Hacker News new | ask | show | jobs
by TylerE 1057 days ago
This make anyone elses eyebrows raise sky high at this?

> Claire replied, asking for the full stacktraces for the log entries, which I was able to also extract from the logs.

This is either deep voodoo magic, or the code or configuration is turning a Xeon into the equivalent of a 286. House is that not, like, megabytes on every single hit?

4 comments

> HTTP 500 errors when viewing an account

> Stacktrace for that 500

This is the default ruby on rails behavior. It prints a stacktrace on any 500 or unknown error, and it's just line numbers and filepaths.

> megabytes on every single hit

I run a rails app that's very poorly designed.

I just checked, and the stack trace for a single 500 is 5KiB. It doesn't even add up to 1MiB a day since there's only a 500 error about every hour.

> This is either deep voodoo magic, or the code or configuration is turning a Xeon into the equivalent of a 286

Having a call stack handy is is actually pretty performant. Java's default exception behavior is to bubble up a stack trace with every exception, whether you print it or not, and java applications run just fine. You have the call stack anyway since you have to know how to return, so the only extra information you need handy is the filename and line number debug symbols, and ruby needs that info anyway just by the nature of the language.
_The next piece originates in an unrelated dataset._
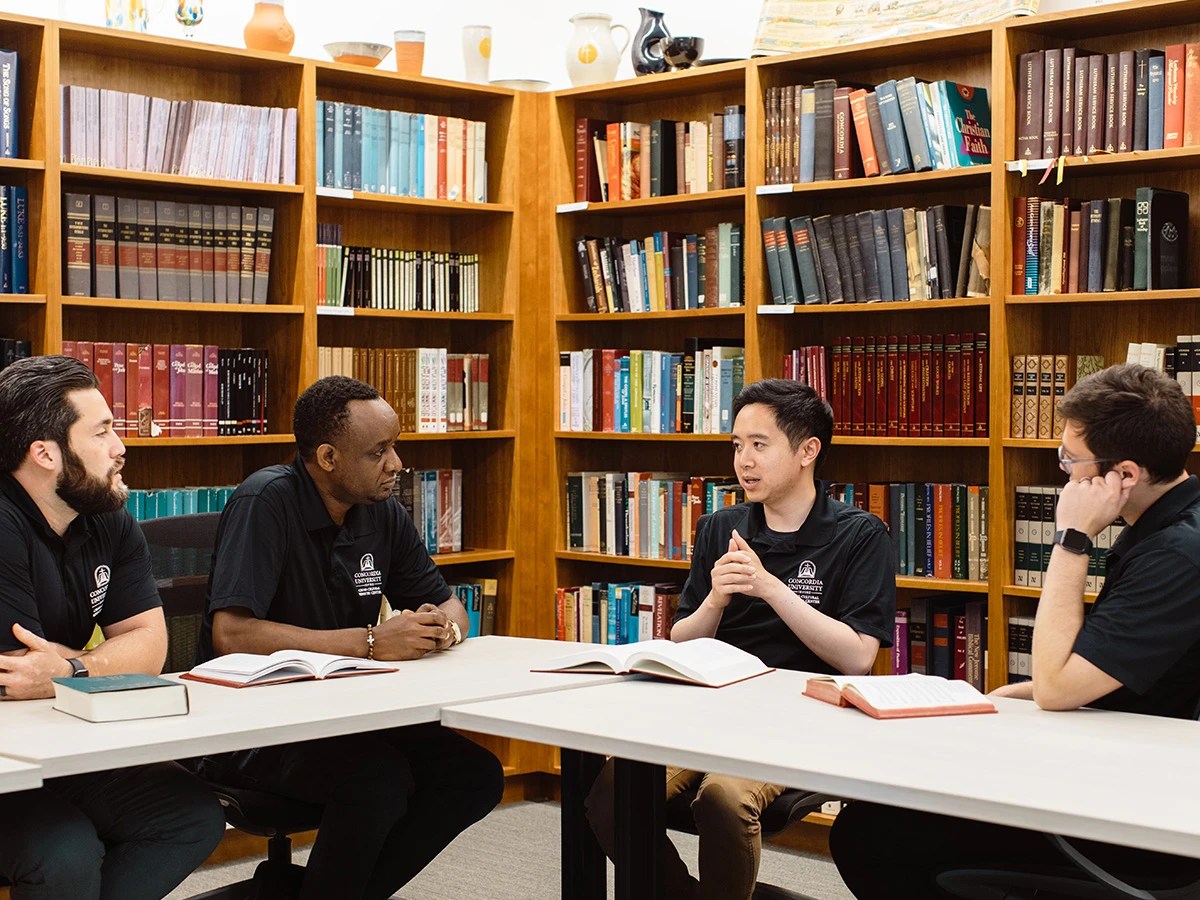 A group of people sitting at a table in a library
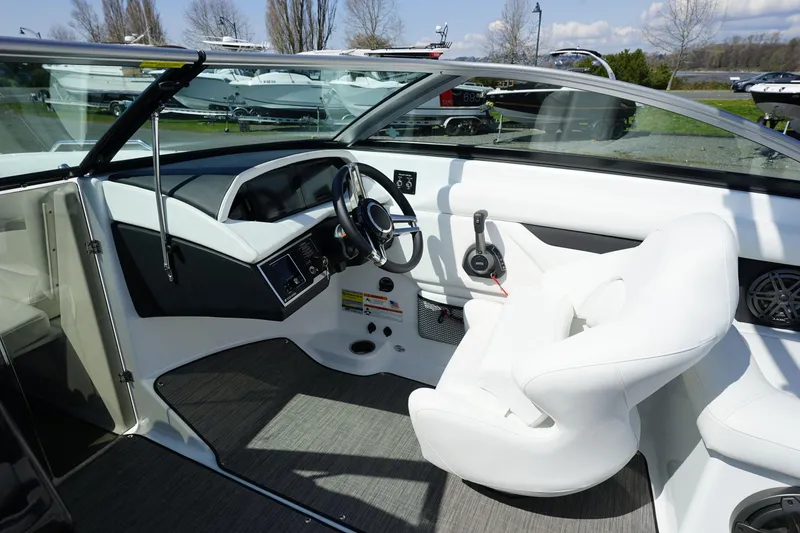 Slide: The Image of 2023 Four Winns HD3 Surf boat interior with sleek white seating and modern dashboard. - 17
>Java's default exception behavior is to bubble up a stack trace with every exception, whether you print it or not,

Anyone who has spent 5 minutes in Java knows exactly what this looks like. And also how unwelcoming it is to new programmers.

I have spent more than 5 minutes in java, and I don't know why having a stack available on an exception is unwelcoming to new programmers.

It definitely seems better than the approaches some other languages have, like C's "return code 1, check errno", when most new programmers don't even know what an errno is.

Can you explain it to me?

Sure, but imagine how unwelcoming to everyone it would be if you didn't get a stack trace.
Recording stacktraces of errors is a pretty reasonable thing to do. And ideally not every hit causes an error.
Do you mean you do _not_ capture stacktraces of errors in a live system ? How do you go about understanding where the error comes from ?
I log stacks for every error-level log and have never found it that useful. It's better than just logging "EOF" with no context of course, but manually annotating each frame with information not known to the caller is the way to go. Shifting to Go specifics; stack traces miss things like channel recvs and loops. Consider:

   for _, datum := range data {
       if err := DoSomethingWithDatum(datum); err != nil {
           log.Error(...)
       }
   }
In that case, the stack trace misses the most important thing: which datum failed.

Another common case:

   type Thing struct {
       Value any
       Err error
   }
   func Produce() {
       ch <- MakeThing()
   }
   func Consume() {
       for _, thing := range ch {
           if thing.Err != nil {
              log.Error(...)
           }
       }
   }
This one is easier to get right; capture the stack when MakeThing's implementation produces a Thing with err != nil. But, a lot of people just log the stack at log.Error which is basically useless. (Adding to the fun, sometimes Consume() is going to be an RPC to another service written in a different language. But you're still going to want a stack to help debug it.)

TL;DR stack traces are better than nothing, but a comprehensive way of handling errors and writing the information you need to fix it to the log is going to be more valuable. It is a lot of work, but I've always found it worthwhile.

> In that case, the stack trace misses the most important thing: which datum failed.

OK we agree that the stacktrace isn't _enough_, but it's still a really useful thing to have to understand what exactly happened (and quite often the single most useful thing). Of course we still expect devs to capture the information that led to the `log.Error`, so that we don't have to play guess games.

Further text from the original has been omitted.